Grief often leads a person to a strong regression and the perception of himself as helpless, unable to cope with difficulties and inept, like a child. The attempt to play the role of the deceased may fail, and this leads to even deeper regression and damage to self-esteem. Then you have to work with the client's negative self-image. This takes time, but gradually, relying on a becoming more positive self-image, the client learns to successfully operate in those areas of life that he previously avoided.
Maintaining a passive, helpless position helps to avoid loneliness - friends and loved ones should help and participate in the life of a bereaved person. At first, after the tragedy, this is normal, but in the future it begins to interfere with returning to a full life. Sometimes inability to adapt to changed circumstances and helplessness serve the family. Other family members must come together to care for someone who has been hit hardest by the loss, and only because of this they feel strong and wealthy. Or the status quo is maintained - the family does not have to change their lifestyle. For example, a grandfather died after a long illness. While he was ill, a certain way of life developed in the family, including caring for the sick, and for some reason this state of affairs suits everyone. In this case, the family begins to disable the widowed grandmother, and with the best of intentions. "You survived such a tragedy. Why do you need to work, we will support you."

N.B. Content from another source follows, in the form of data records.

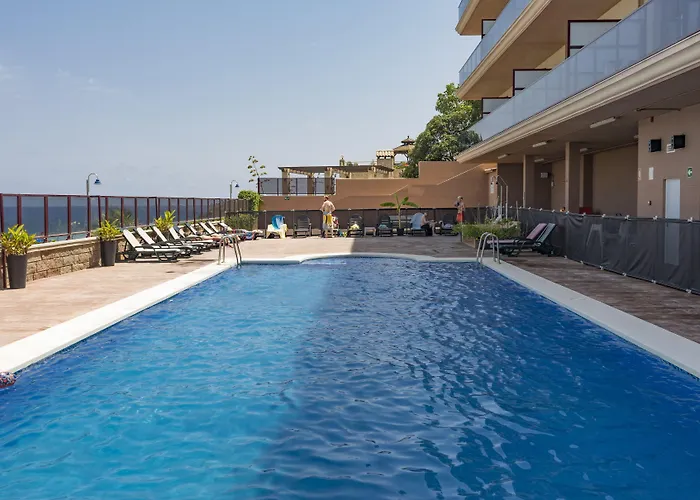 Aparthotel El Faro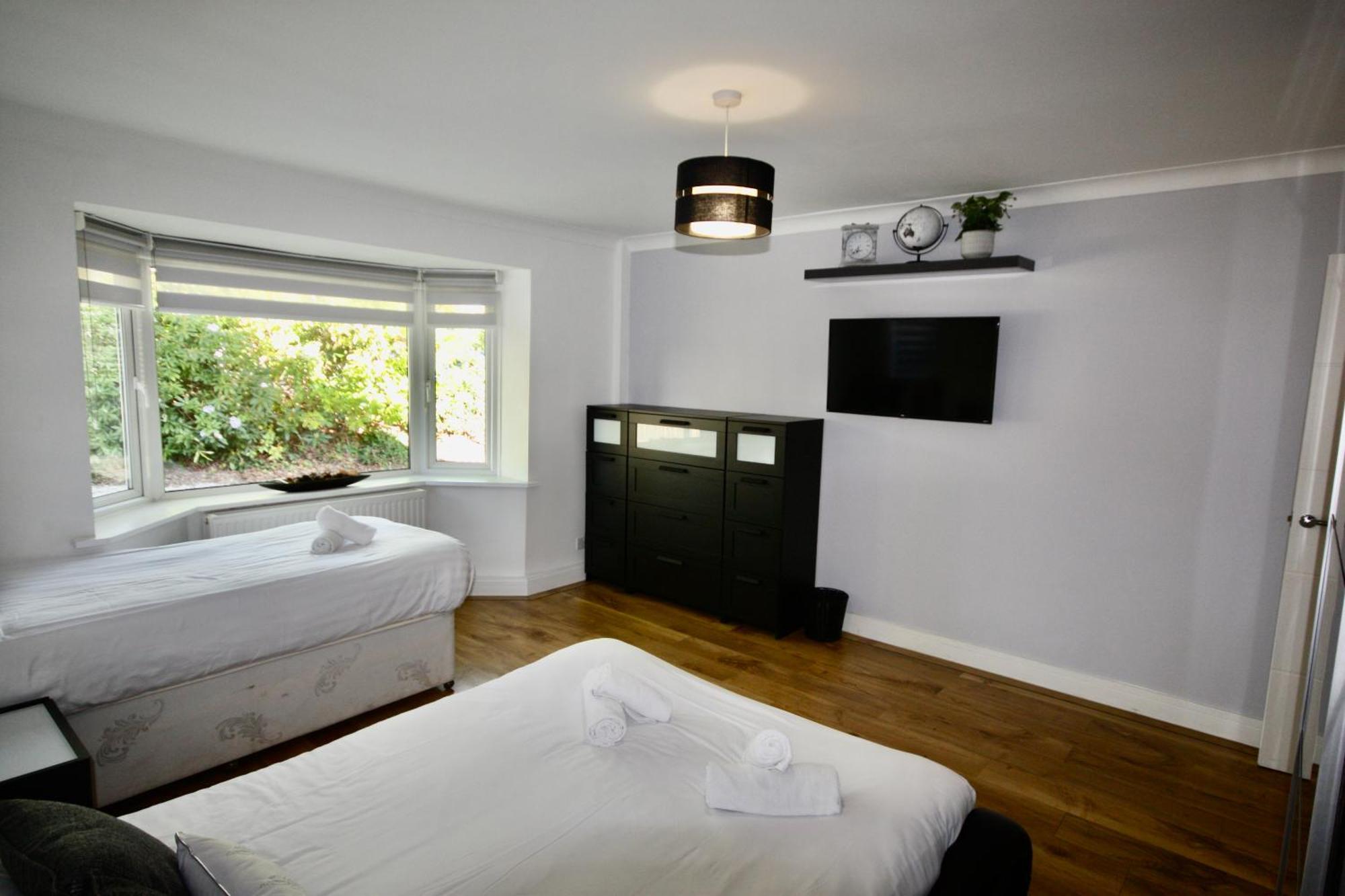 Four Corners Holiday Home Hot Tub & Sauna Ferndown Eksteriør billede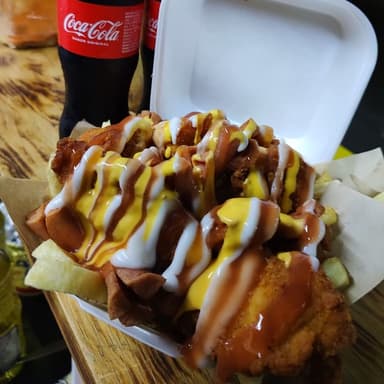 Salchipapas con Boneless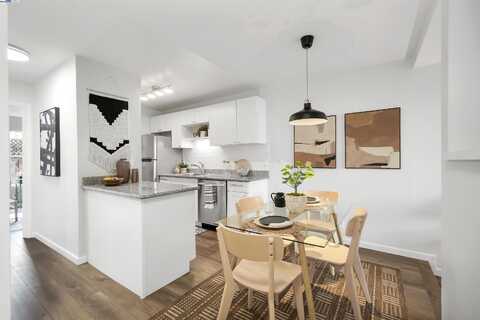 2562 Walnut Blvd, Walnut Creek, CA 94596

The last, fourth task is to build a new relationship with the deceased and continue to live . In his early writings, Warden formulated this task as "taking the emotional energy out of the old relationship and placing it in the new relationship." However, he later abandoned this formulation, firstly, because of some of its mechanistic nature and, secondly, because it was understood by many as the disappearance of an emotional relationship to a deceased loved one. Therefore Vorden considered it necessary to clarify that the solution of the fourth task does not imply either oblivion or the absence of emotions, but only their restructuring. The emotional attitude towards the deceased must change in such a way that it becomes possible to continue living, to enter into new emotionally rich relationships.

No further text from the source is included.